Did you watch it? Were you ‘gripped’ by the thrilling climax? Did you gasp at the denouement? Did you have even an inkling who the bad guy was? Are you eagerly awaiting Series 2?
What am I talking about? Last night’s final episode of the BBC’s 6-episode Bodyguard drama, that’s what. Who would have guessed that the bad guy would turn out to be…
I’m not going to analyse the hell out of Bodyguard, despite the plot holes. What I’m going to do is show you how to write a story like Bodyguard and thus become a successful writer of enthralling television dramas. Pay attention, for this formulaic approach to writing a drama story could make you rich.
Here’s the formula.
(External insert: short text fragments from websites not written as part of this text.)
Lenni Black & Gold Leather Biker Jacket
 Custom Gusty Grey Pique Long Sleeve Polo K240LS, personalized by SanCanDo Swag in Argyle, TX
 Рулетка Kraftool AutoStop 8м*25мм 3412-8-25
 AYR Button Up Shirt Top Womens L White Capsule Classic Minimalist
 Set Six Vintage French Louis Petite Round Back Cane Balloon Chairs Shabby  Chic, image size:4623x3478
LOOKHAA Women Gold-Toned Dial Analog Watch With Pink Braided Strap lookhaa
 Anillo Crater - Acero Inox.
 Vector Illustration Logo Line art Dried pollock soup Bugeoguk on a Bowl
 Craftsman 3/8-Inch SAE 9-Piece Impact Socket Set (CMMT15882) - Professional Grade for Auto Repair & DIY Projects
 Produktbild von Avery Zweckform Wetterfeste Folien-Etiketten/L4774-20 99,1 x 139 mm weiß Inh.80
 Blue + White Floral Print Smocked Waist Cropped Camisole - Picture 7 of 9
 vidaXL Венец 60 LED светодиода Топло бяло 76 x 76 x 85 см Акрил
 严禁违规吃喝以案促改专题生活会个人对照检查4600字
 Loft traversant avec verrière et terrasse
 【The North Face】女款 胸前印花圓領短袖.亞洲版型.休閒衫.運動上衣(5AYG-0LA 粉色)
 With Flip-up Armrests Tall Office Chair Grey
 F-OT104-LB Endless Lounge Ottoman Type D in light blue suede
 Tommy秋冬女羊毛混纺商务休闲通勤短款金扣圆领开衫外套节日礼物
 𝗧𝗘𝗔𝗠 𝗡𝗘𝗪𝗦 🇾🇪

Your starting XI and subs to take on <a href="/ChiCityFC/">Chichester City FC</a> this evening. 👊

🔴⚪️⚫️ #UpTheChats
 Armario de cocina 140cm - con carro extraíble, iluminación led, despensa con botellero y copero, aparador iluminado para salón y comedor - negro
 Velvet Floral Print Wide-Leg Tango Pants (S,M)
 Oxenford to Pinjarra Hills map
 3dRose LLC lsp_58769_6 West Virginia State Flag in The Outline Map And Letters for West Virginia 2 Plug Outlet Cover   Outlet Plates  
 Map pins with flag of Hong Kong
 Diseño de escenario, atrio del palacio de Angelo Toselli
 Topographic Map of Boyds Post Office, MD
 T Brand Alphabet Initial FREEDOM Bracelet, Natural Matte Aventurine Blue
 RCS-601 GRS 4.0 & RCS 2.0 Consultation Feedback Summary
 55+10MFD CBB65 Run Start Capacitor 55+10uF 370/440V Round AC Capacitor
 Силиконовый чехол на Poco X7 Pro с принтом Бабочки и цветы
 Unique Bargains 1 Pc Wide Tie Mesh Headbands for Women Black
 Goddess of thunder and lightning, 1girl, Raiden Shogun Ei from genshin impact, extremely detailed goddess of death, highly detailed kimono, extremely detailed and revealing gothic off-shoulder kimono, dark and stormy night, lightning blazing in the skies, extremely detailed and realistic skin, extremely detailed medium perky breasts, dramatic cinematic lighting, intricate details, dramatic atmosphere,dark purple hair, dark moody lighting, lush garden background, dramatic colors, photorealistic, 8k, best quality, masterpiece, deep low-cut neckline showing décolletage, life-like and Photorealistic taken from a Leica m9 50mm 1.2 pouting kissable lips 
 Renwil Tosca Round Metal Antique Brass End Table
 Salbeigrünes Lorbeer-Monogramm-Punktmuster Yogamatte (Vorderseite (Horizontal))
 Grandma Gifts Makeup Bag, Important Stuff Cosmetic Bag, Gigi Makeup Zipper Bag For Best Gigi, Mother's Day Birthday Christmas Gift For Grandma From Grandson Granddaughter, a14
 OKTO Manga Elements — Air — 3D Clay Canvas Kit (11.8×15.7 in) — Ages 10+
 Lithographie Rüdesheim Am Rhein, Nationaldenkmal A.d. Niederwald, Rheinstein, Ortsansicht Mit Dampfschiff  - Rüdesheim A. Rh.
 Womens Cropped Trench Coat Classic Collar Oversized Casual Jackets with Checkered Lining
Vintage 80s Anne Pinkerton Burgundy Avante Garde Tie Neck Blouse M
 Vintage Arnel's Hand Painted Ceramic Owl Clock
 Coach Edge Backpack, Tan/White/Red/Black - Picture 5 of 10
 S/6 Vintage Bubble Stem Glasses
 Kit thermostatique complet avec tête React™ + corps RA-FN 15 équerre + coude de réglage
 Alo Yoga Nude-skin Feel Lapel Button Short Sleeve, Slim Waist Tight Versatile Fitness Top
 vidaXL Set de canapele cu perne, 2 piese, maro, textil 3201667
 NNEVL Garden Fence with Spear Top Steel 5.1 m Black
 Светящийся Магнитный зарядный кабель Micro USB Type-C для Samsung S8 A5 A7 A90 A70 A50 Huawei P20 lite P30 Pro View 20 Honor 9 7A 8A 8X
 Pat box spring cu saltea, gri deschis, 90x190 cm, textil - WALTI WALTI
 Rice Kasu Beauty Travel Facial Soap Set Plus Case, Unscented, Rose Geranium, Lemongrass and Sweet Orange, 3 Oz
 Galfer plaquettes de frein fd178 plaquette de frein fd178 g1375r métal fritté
It’s all in the planning.
First, you decide on the theme of the story. A good opening murder always works well, or an espionage story, or something to do with the shady world of pharmaceuticals, or political shenanigans (as per Bodyguard), or the war on drugs, or people trafficking, or… Pick your theme, research it well, and start developing your characters and how they will interplay within the story.
Start with the good guy. (I use the noun ‘guy’ the American way, gender-free.) If male, assign attributes: muscular, square jawed, some secretive background involving special ops and wetwork (look it up), fiercely heterosexual. Think James Bond, John McClane, Martin Riggs, Jason Bourne, etc. If female, make her fearless, intelligent, possibly amoral, very athletic, and definitely sexy. Think Nikita, Lara Croft, Katniss Everdeen, Ellen Ripley, etc. I’ll stay with the male good guy for now, just to make it easy on my use of pronouns.
Now give the good guy a family to add a personal characterisation. An estranged wife works well, as do either cute pre-teen kids, one slightly cheeky (to raise a smile) and another possibly sickly (to evoke compassion), or sexy rebellious female teenagers who, although surly and streetwise, always turn out fine in the end.
To satisfy the need to show some skin during the drama, make sure the good guy has a love interest on the side, someone who’ll get her kit off (maybe more than once) and be the excuse to insert a soft porn scene using slightly-out-of-focus lenses, discreetly placed limbs, seductive background music, low lighting, and lots of ooo-aah orgasmic sounds.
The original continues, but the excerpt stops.